ACTIVITY →
Every line of the material is to be transcribed verbatim, with images omitted.

SUPPLIED RECORDS →

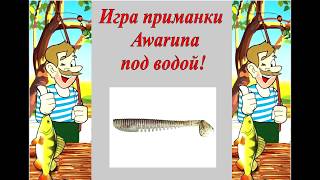 Игра приманки Awaruna под водой.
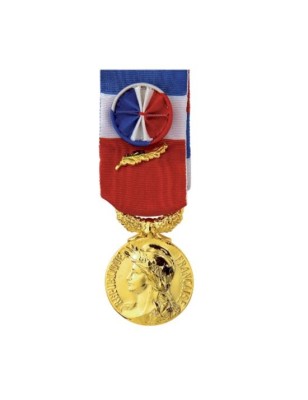 Médaille du Travail - 20 ans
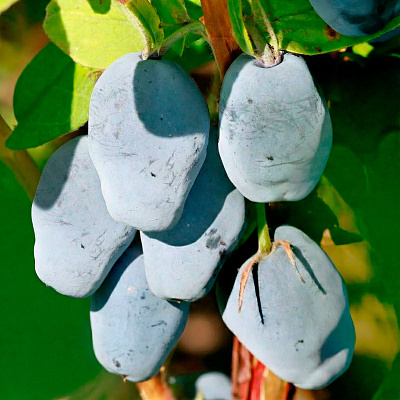 Жимолость Максин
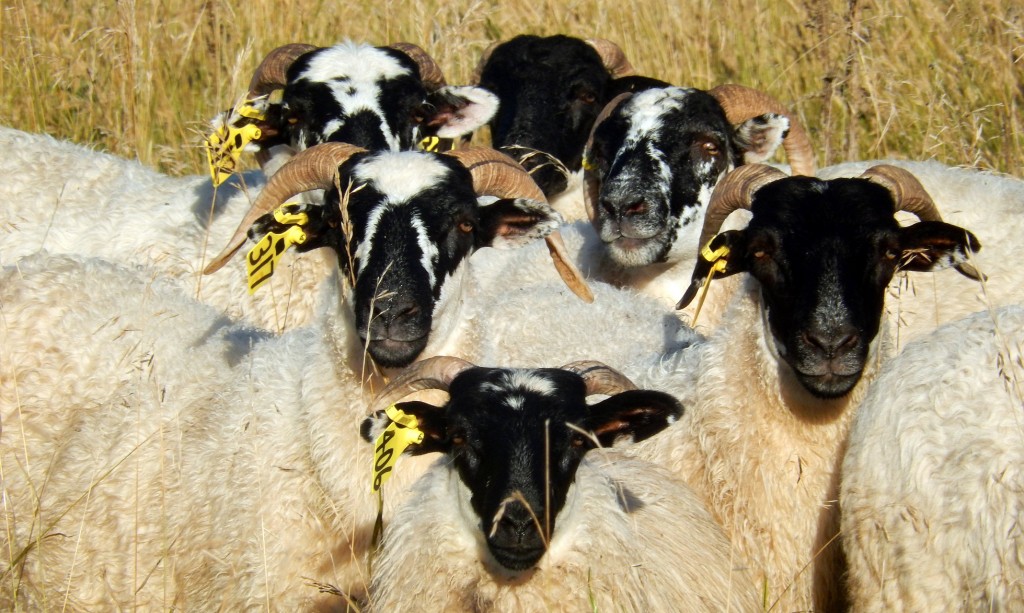 Scottish Blackface ewes.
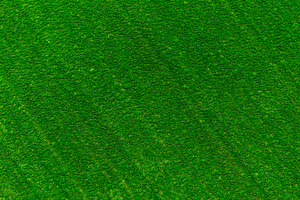 Green artificial grass pattern, a Texture Graphic by Pushish Images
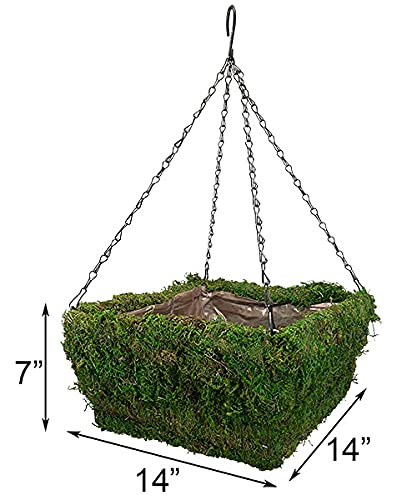Panacea 83557 Natural Moss Square Hanging Baskets, Green, 14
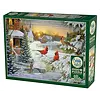 Cobble Hill Sunset Cardinals - puzzle de 1000 pièces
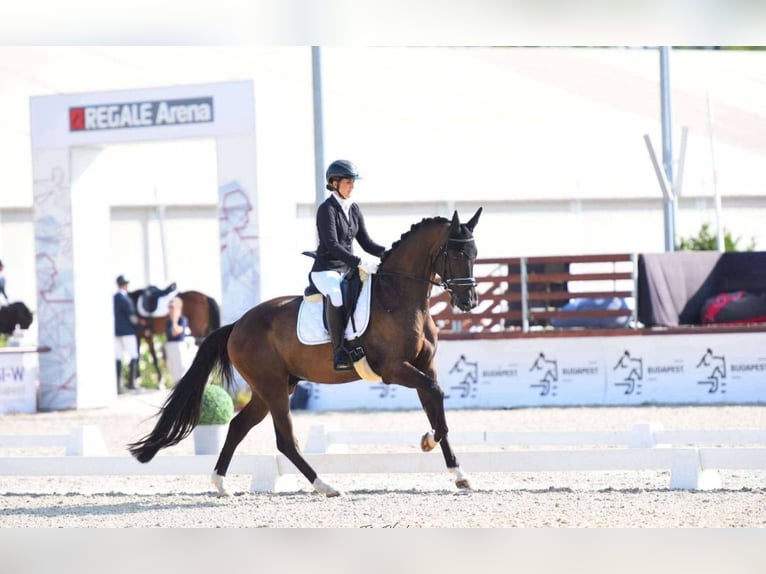 KWPN Gelding 5 years 16,3 hh Bay-Dark in Gyula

REPLY TO THE TASK →
 Игра приманки Awaruna под водой.
 Médaille du Travail - 20 ans
 Жимолость Максин
 Scottish Blackface ewes.
 Green artificial grass pattern, a Texture Graphic by Pushish Images
Panacea 83557 Natural Moss Square Hanging Baskets, Green, 14
 Cobble Hill Sunset Cardinals - puzzle de 1000 pièces
 KWPN Gelding 5 years 16,3 hh Bay-Dark in Gyula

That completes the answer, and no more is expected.